### THE TASK
These records contain pictures, which must be left out; copy exactly the lines from the one with "Funko Pop! 2" up to and including the one with "Dress Colouring Book - Peay, Regina".

Collected data
>>>>>

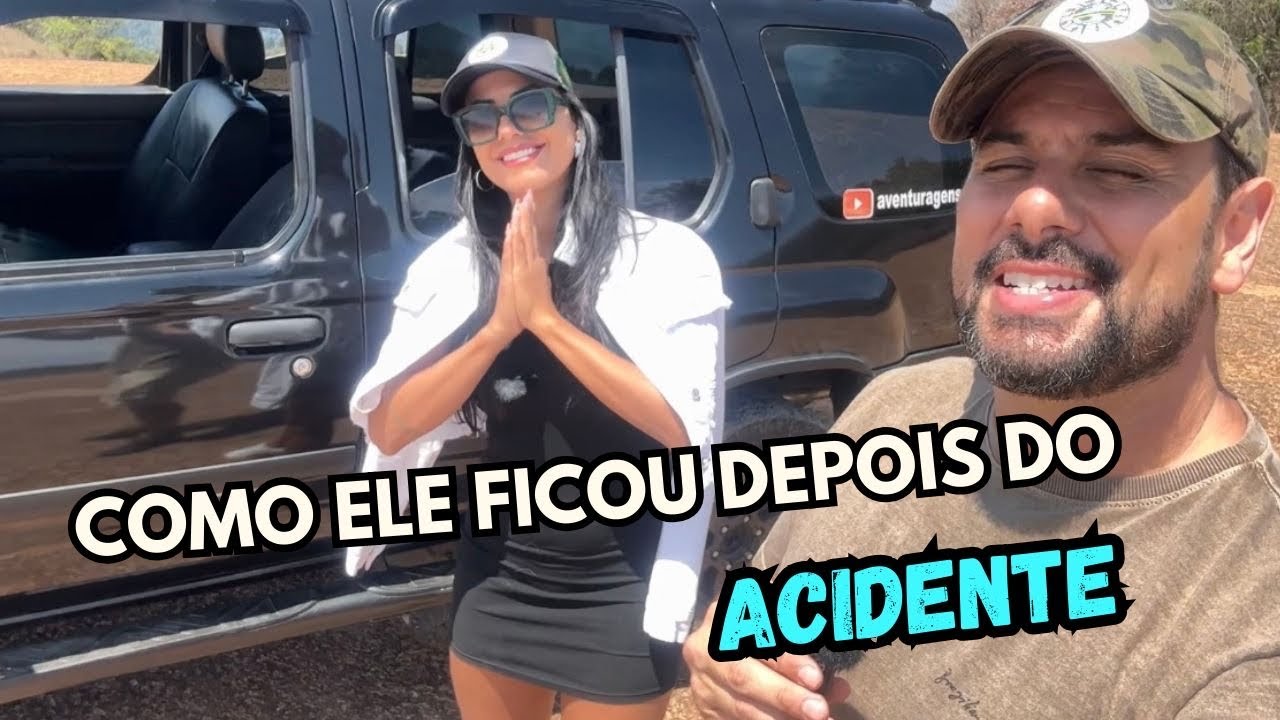 PEDRA GRANDE EM ATIBAIA - ESTREANDO O CARRO (CASCÃO) DEPOIS DO ACIDENTE
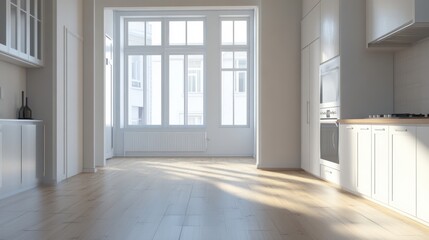 Fototapeta premium Modern Kitchen Interior.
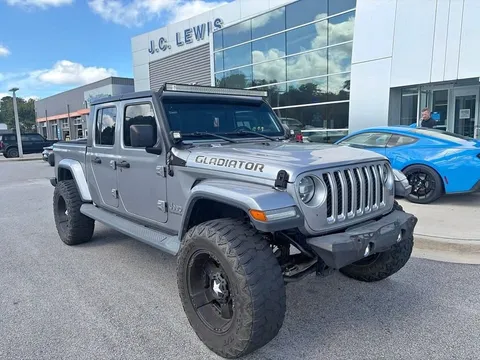 2020 Jeep Gladiator Overland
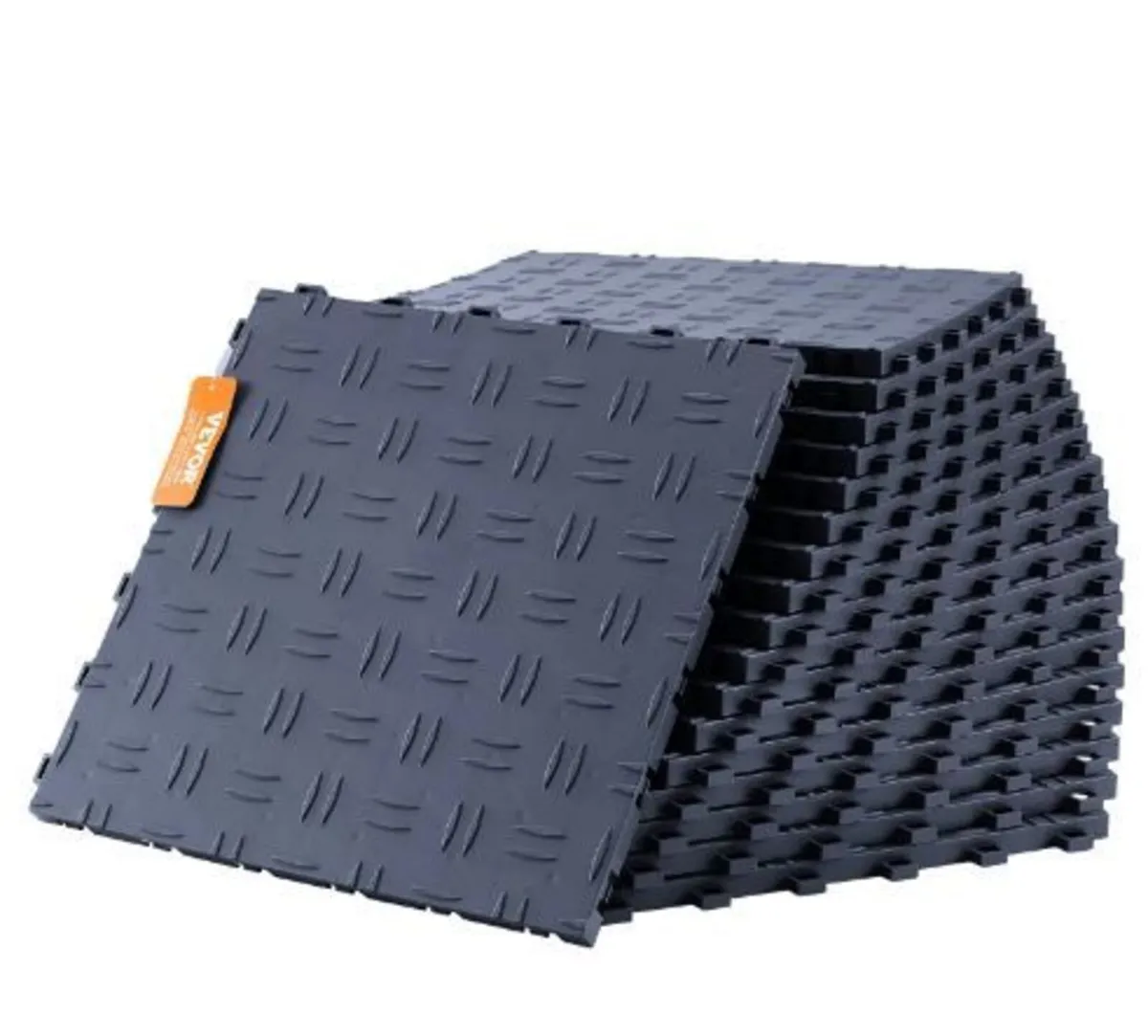 Garage Tiles Interlocking, 12 x 12 x 0.53 inch - Image 1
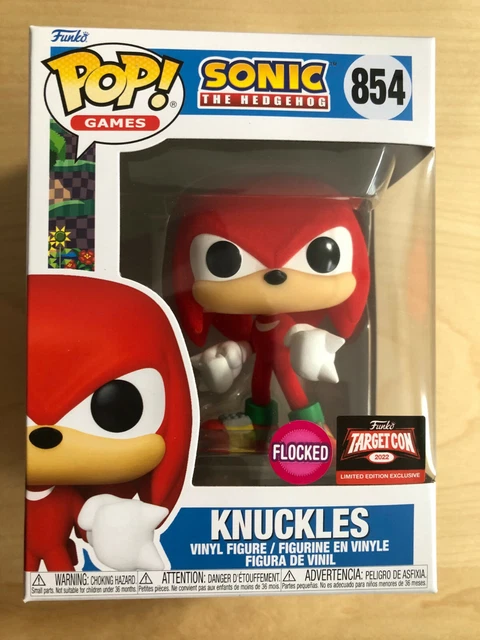 Funko Pop! 2 Pezzi: Knuckles E Rouge Da Sonic - Giochi, Vinile Da Collezione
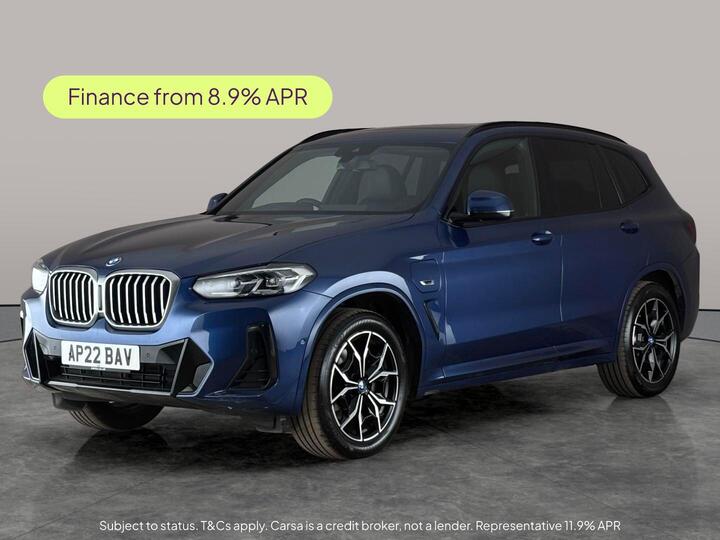 BMW X3 2.0 30e 12kWh M Sport Auto XDrive Euro 6 (s/s) 5dr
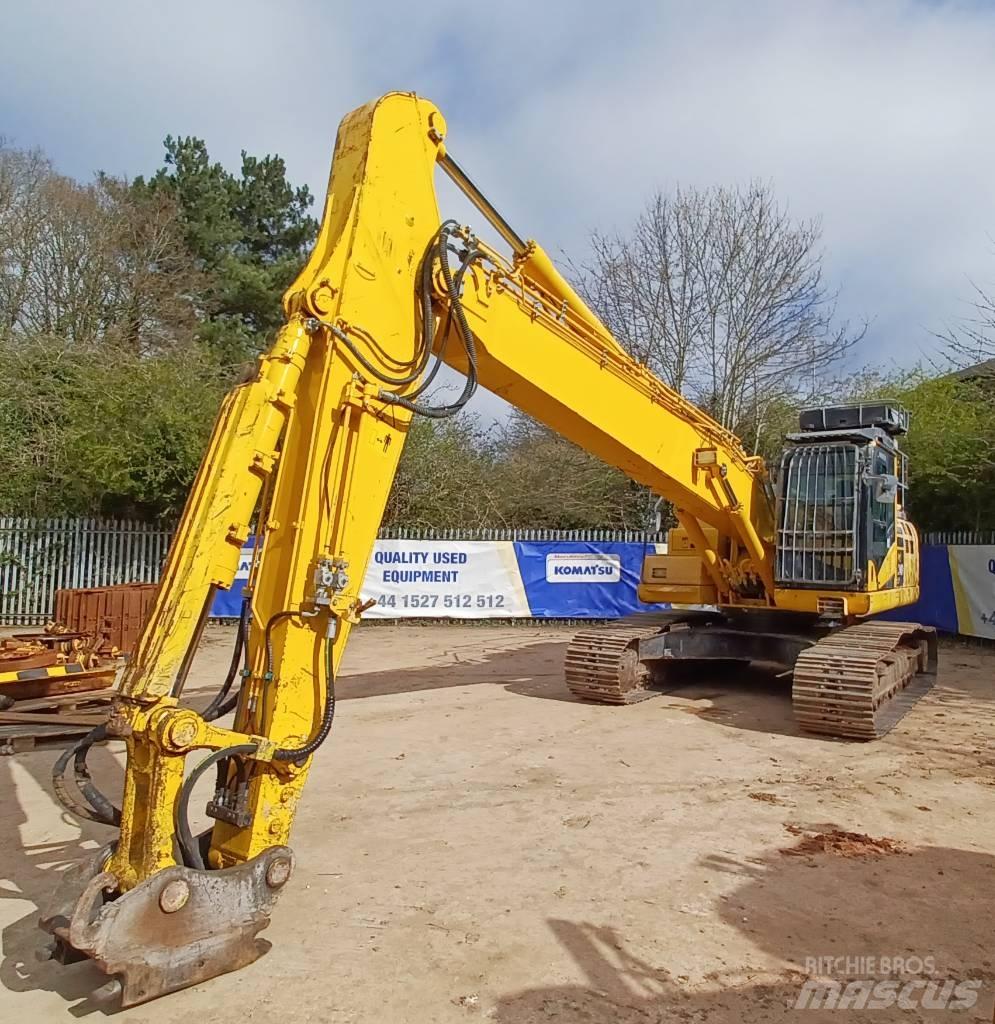 Komatsu PC240LC-11 Beltegraver
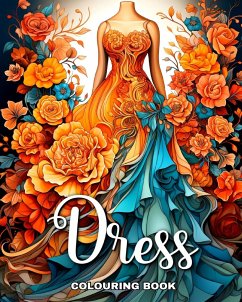 Dress Colouring Book - Peay, Regina
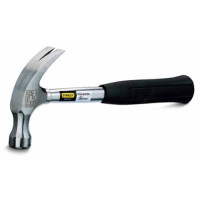 Купить Молоток Steelmaster Curve Claw с весом головки 450 г, с загнутым гвоздодером STANLEY 1-51-031. Официальный магазин Dewalt Украина. Фирменный инструмент и оборудовние DeWALT, STANLEY, BLACK+DECKER, BOSTITCH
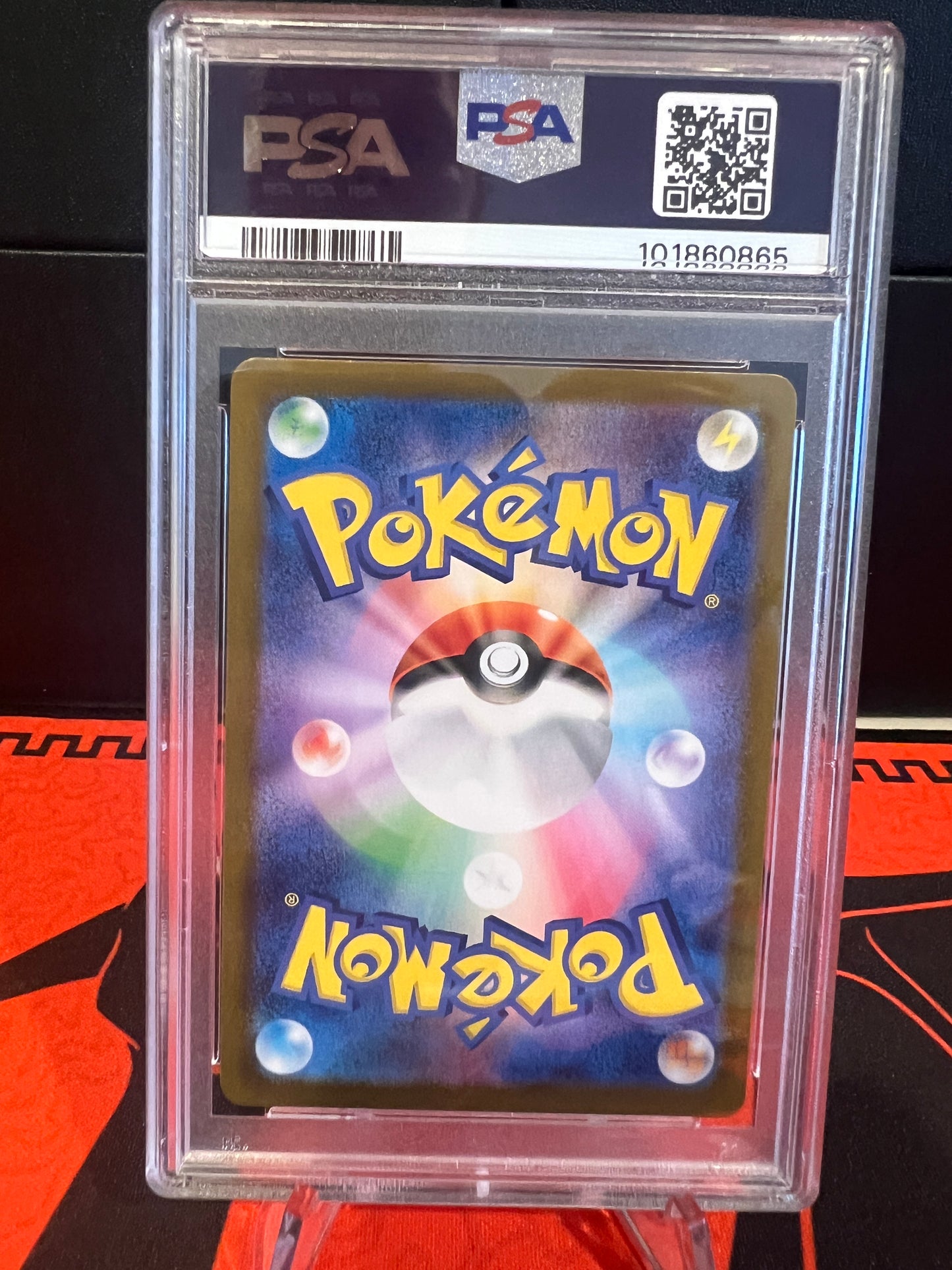 PSA 10 JPN Pikachu sv2a 173/163
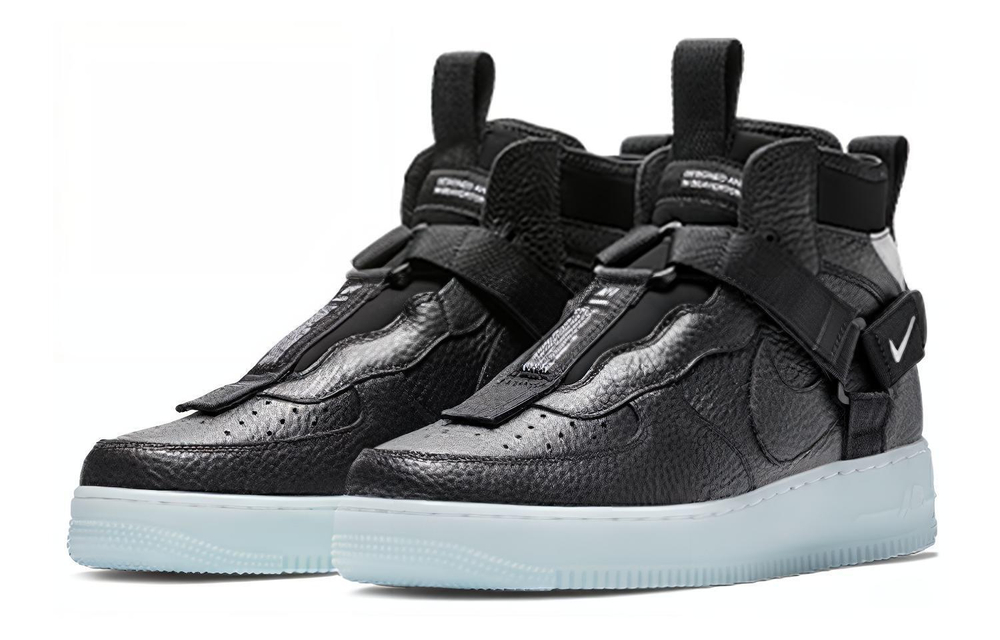 Кроссовки Nike Air Force 1 Utility Black Blue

<<<<<

### ANSWER SECTION
 Funko Pop! 2 Pezzi: Knuckles E Rouge Da Sonic - Giochi, Vinile Da Collezione
 BMW X3 2.0 30e 12kWh M Sport Auto XDrive Euro 6 (s/s) 5dr
 Komatsu PC240LC-11 Beltegraver
 Dress Colouring Book - Peay, Regina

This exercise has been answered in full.